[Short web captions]
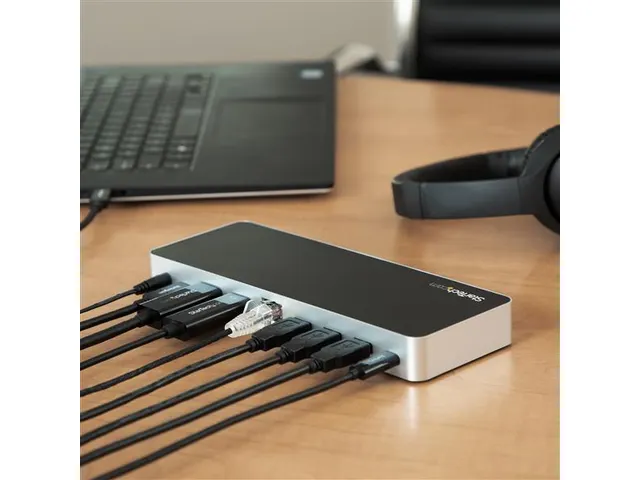 Dual-Monitor Usb-C Docking Station Met Mst 5X Usb 3.0 Poorten
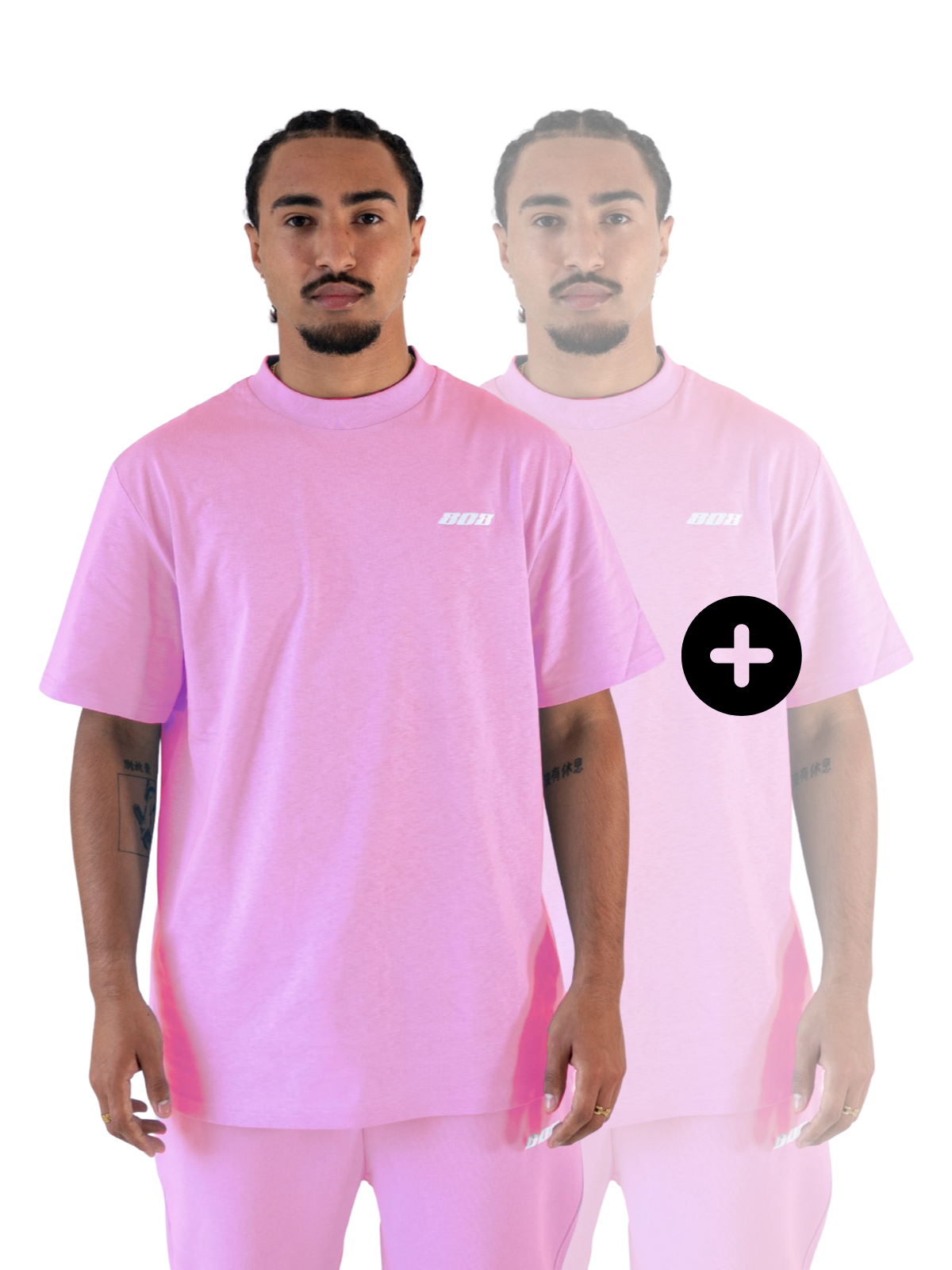 Buy 1 Tee, Get 1 Free - Rosa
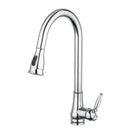 Euro Round Chrome Vintage Pull Out/Down Kitchen/Laundry Sink Mixer Taps Antique Taps Swivel Kitchen Tapware - NZHomeware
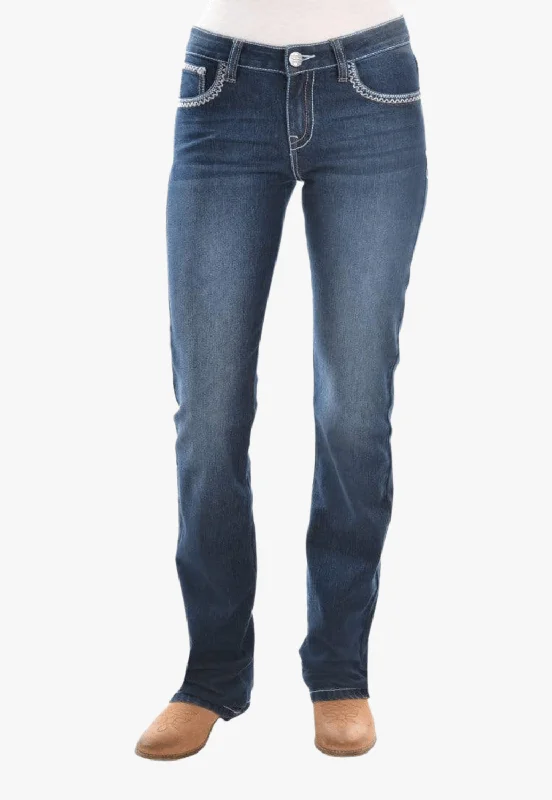Cozy Street Style Pure Western Womens Angie Jean - 36 Leg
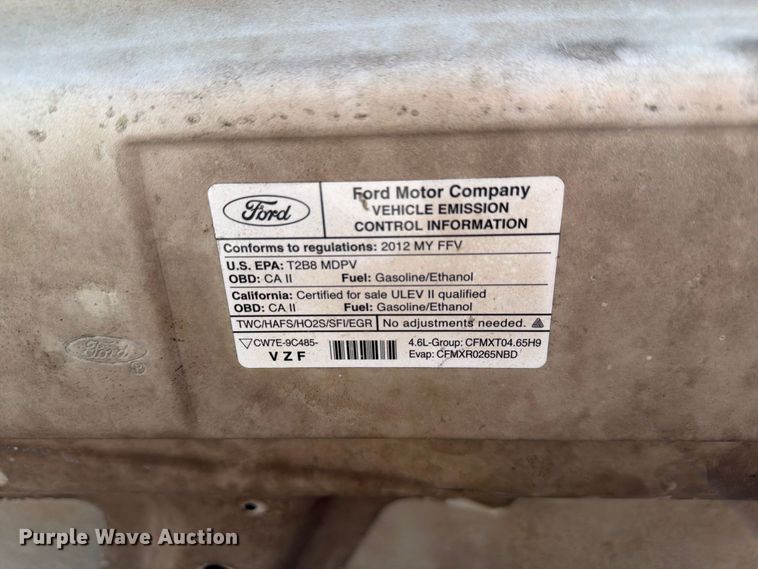image for item DV7365 2012 Ford E-250 van
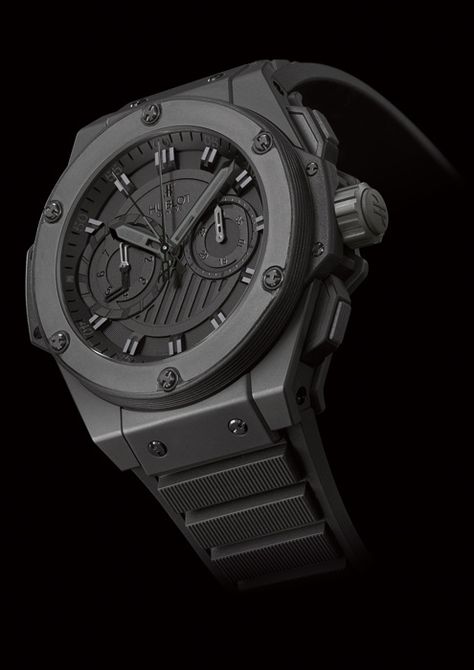 KING POWER FOUDROYANTE ALL BLACK - © Hublot Geneve Hublot Watches Men, All Black Watches, Hublot Watches, King Power, Dream Watches, Blender 3d, Nike Blazer, Men's Watches, Luxury Watches For Men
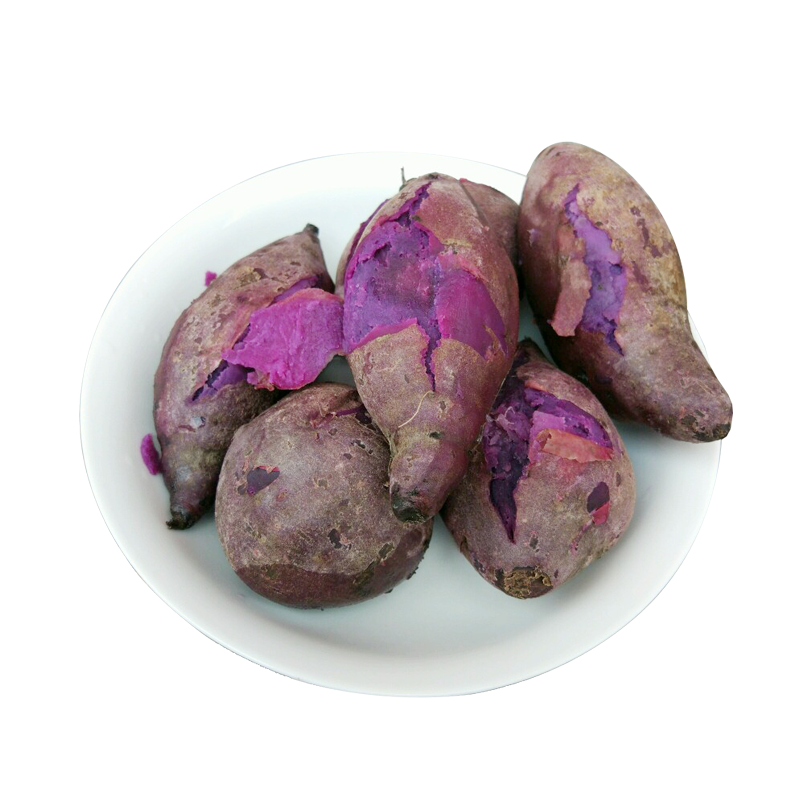 广西新鲜农家现挖番薯香非天目山地瓜紫薯红薯蜜暑紫芋头5斤包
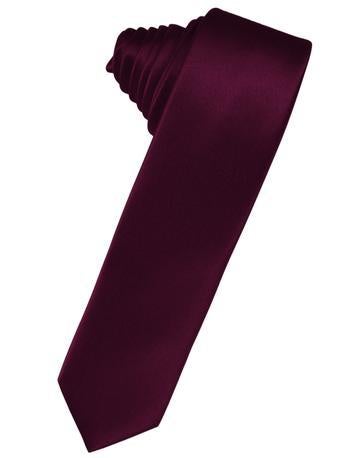 Mermaid Luxury Satin Skinny Necktie
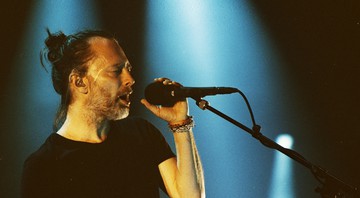 Radiohead durante show na Jeunesse Arena, no Rio de Janeiro - Cabra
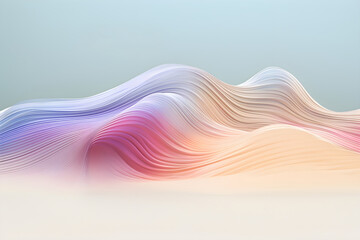 Poster - Colorful glossy liquid wave background. 3D and realistic abstract background. Generative AI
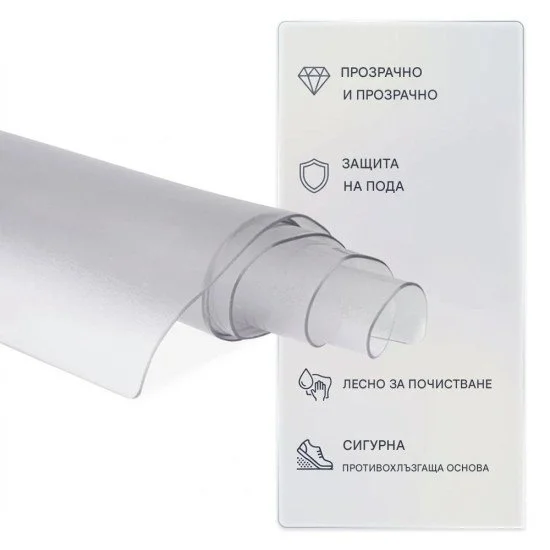 Предпазна постелка за фитнес inSPORTline Proteko Clear 140x70x0.15 см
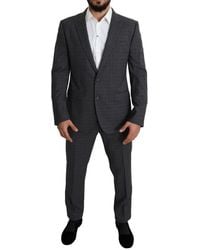 Dolce & Gabbana - Wool Formal 2 Piece Martini Suit - Lyst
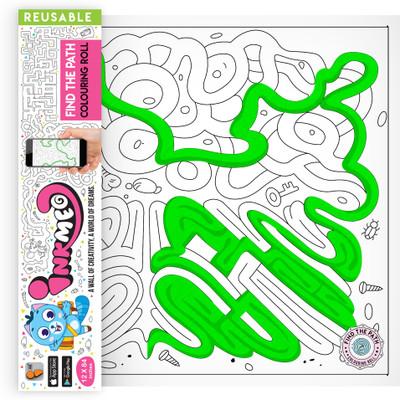Inkmeo Find the Path Colouring Roll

#### Required work
Pictures aside, restate all of the entries exactly.

#### Task response
 Dual-Monitor Usb-C Docking Station Met Mst 5X Usb 3.0 Poorten
 Buy 1 Tee, Get 1 Free - Rosa
 Euro Round Chrome Vintage Pull Out/Down Kitchen/Laundry Sink Mixer Taps Antique Taps Swivel Kitchen Tapware - NZHomeware
Cozy Street Style Pure Western Womens Angie Jean - 36 Leg
image for item DV7365 2012 Ford E-250 van
 KING POWER FOUDROYANTE ALL BLACK - © Hublot Geneve Hublot Watches Men, All Black Watches, Hublot Watches, King Power, Dream Watches, Blender 3d, Nike Blazer, Men's Watches, Luxury Watches For Men
 广西新鲜农家现挖番薯香非天目山地瓜紫薯红薯蜜暑紫芋头5斤包
 Mermaid Luxury Satin Skinny Necktie
 Radiohead durante show na Jeunesse Arena, no Rio de Janeiro - Cabra
 Poster - Colorful glossy liquid wave background. 3D and realistic abstract background. Generative AI
 Предпазна постелка за фитнес inSPORTline Proteko Clear 140x70x0.15 см
 Dolce & Gabbana - Wool Formal 2 Piece Martini Suit - Lyst
Inkmeo Find the Path Colouring Roll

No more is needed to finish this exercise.